Knowledge graph completion is the task of predicting correct facts that can be expressed by the vocabulary of a given knowledge graph, which are not explicitly stated in that graph. Broadly, there are two main approaches for solving the knowledge graph completion problem. Sub-symbolic approaches embed the nodes and/or edges of a given graph into a low-dimensional vector space and use a scoring function to determine the plausibility of a given fact. Symbolic approaches learn a model that remains within the primary representation of the given knowledge graph. Rule-based approaches are well-known examples. One such approach is AnyBURL. It works by sampling random paths, which are generalized into Horn rules. Previously published results show that the prediction quality of AnyBURL is close to current state of the art with the additional benefit of offering an explanation for a predicted fact.
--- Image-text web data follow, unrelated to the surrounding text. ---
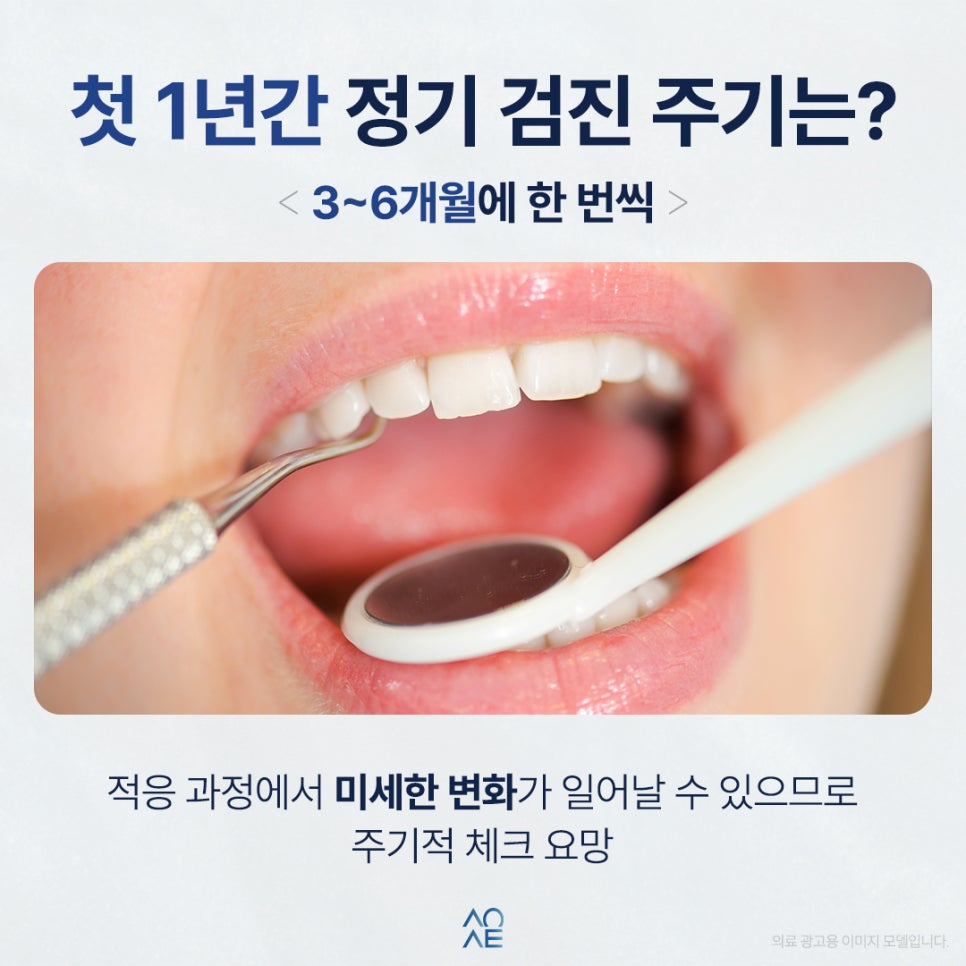 임플란트 정기검진 전체했는데 주기 궁금해요 1년에 몇 번 받아야 하나요 관련 이미지 2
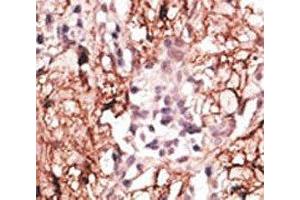 IHC analysis of FFPE human breast carcinoma tissue stained with the LSD1 antibody (LSD1 抗体  (AA 108-142))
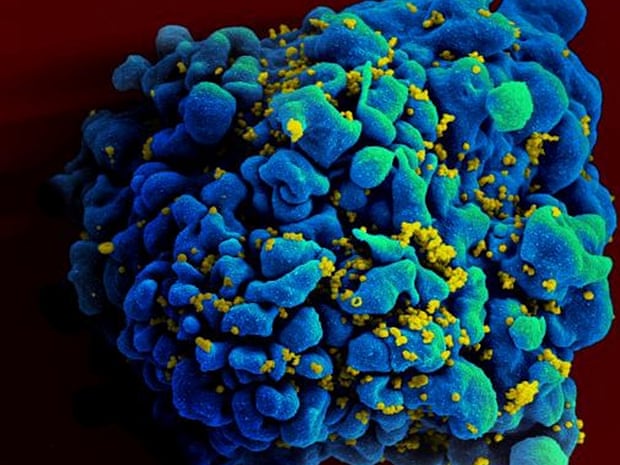 An H9 T cell, blue, infected with the human immunodeficiency virus (HIV), yellow.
In this paper, we propose several improvements and extensions of AnyBURL. In particular, we focus on AnyBURL's capability to be successfully applied to large and very large datasets. Overall, we propose four separate extensions: (i) We add to each rule a set of pairwise inequality constraints which enforces that different variables cannot be grounded by the same entities, which results into more appropriate confidence estimations. (ii) We introduce reinforcement learning to guide path sampling in order to use available computational resources more efficiently. (iii) We propose an efficient sampling strategy to approximate the confidence of a rule instead of computing its exact value. (iv) We develop a new multithreaded AnyBURL, which incorporates all previously mentioned modifications. In an experimental study, we show that our approach outperforms both symbolic and sub-symbolic approaches in large-scale knowledge graph completion. It has a higher prediction quality and requires significantly less time and computational resources.